Go Jets go

Since 1996, the year Winnipeg lost its beloved professional hockey team, the most popular and polarizing topic of sports bar conversation has been: “Will the NHL ever return to Winnipeg?”

There are two types of people that take part in this conversation: the eternal optimist and the stereotypical Winnipeg pessimist. I proudly consider myself an eternal optimist when it comes to Winnipeg sports, but especially in relation to the NHL’s return to my fair city. Both the city and the NHL have changed since we lost our franchise and, under the current climate, the time is now for our city to re-emerge in the NHL.

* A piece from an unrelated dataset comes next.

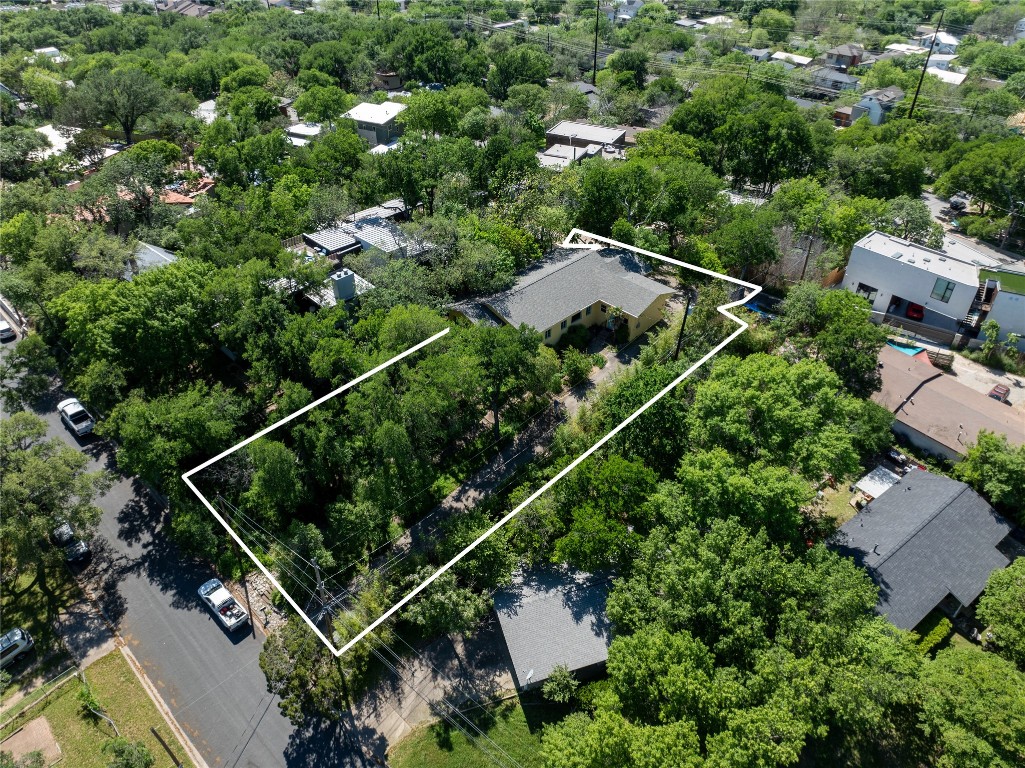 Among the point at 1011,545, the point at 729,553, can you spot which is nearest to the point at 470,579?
the point at 729,553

Consider the state that Winnipeg Jets owner Barry Shenkarow found himself in back in 1996. The team was playing out of the dilapidated Winnipeg Arena, which featured many seats with obstructed or unfavorable sight lines. Owned and operated by Winnipeg Enterprises Corp. (WEC), Shenkarow was forced to pay lease fees to WEC for use of the arena. As player salaries increased and the Canadian dollar plummeted, the outlook for the team’s longevity in Winnipeg was bleak, especially without a new arena or lease agreement in place.

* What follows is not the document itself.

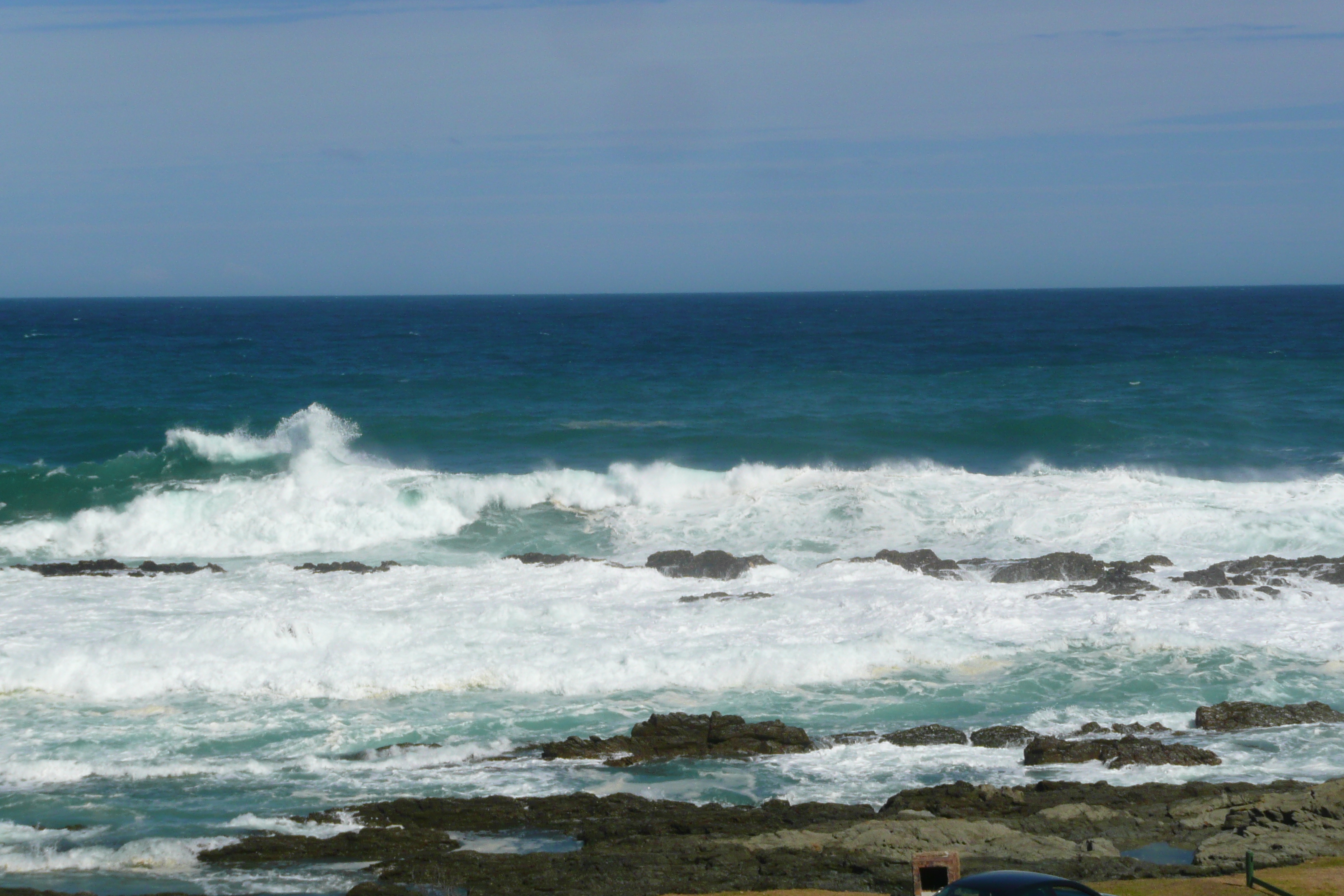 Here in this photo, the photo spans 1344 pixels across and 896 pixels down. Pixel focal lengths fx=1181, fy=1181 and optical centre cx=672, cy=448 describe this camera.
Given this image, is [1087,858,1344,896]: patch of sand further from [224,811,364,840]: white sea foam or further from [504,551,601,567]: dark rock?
[504,551,601,567]: dark rock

By the early 1990s, the glory days of the WHA-era Jets were all but fond memories. The Jets struggled to adapt to the changing landscape of professional hockey and found it increasingly difficult to break even financially. Reluctancy and infighting amongst all levels of government, local business leaders and Shenkarow’s group of investors in discussions about investing in a desperately needed new arena meant that by 1995, potential relocation to a market in the U.S. became an all too real scenario.

A last ditch grassroots effort was organized, culminating in a huge rally and telethon at the Forks, where an estimated 35,000 or more Winnipeg hockey fans showed up to show their support and give whatever money they could to help cover the losses and keep the team in the city for one more year. With the government and local business leaders unwilling or unable to come up with a workable deal to keep the team in Winnipeg, the Jets were relocated to Phoenix and became the Phoenix Coyotes.

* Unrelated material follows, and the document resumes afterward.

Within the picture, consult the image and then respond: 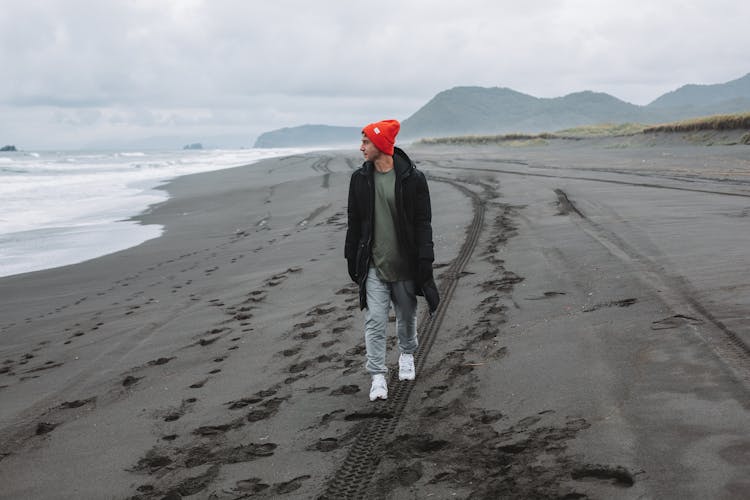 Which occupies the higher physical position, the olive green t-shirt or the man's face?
the man's face

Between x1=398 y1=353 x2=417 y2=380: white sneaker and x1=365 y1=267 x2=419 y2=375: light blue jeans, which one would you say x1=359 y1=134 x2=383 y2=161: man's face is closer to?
x1=365 y1=267 x2=419 y2=375: light blue jeans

Sometimes it feels like most Winnipeggers are stuck thinking that nothing has changed since 1996. Despite the growth of the city, both demographically and corporately, many folks are either completely against the NHL returning or they simply refuse to believe that it could happen or could be sustainable. They seem to overlook just how ready this city, and more specifically, the ownership group that would be in charge of running an NHL franchise in Winnipeg, has become over the past 15 years.

Enter Mark Chipman, CEO of True North Sports Entertainment (TNSE), the company largely responsible for the downtown-located, NHL-approved MTS Centre arena. Chipman has proven his business savvy by purchasing the Minnesota Moose, a then IHL franchise, and moving the team to Winnipeg for the year immediately following the Jets’ departure. He successfully transitioned the Manitoba Moose over to the AHL when the IHL folded, becoming the official farm-team for the Vancouver Canucks, and has created a surefire business model that has lead to the franchise to become one of the most profitable and well-attended AHL franchises.

Detractors will say that the MTS Centre is too small for the NHL, and at just over 15,000 seats, it would be the lowest-capacity arena in the league. While it’s a valid point to make, it becomes a moot one when nearly one third of NHL franchises have not averaged 15,000 fans per game in 2010-11. The bottom three (New York Islanders, Phoenix Coyotes and Atlanta Thrashers) are at 70 per cent capacity or less on any given night, and this despite offering incredibly generous giveaways and promotions.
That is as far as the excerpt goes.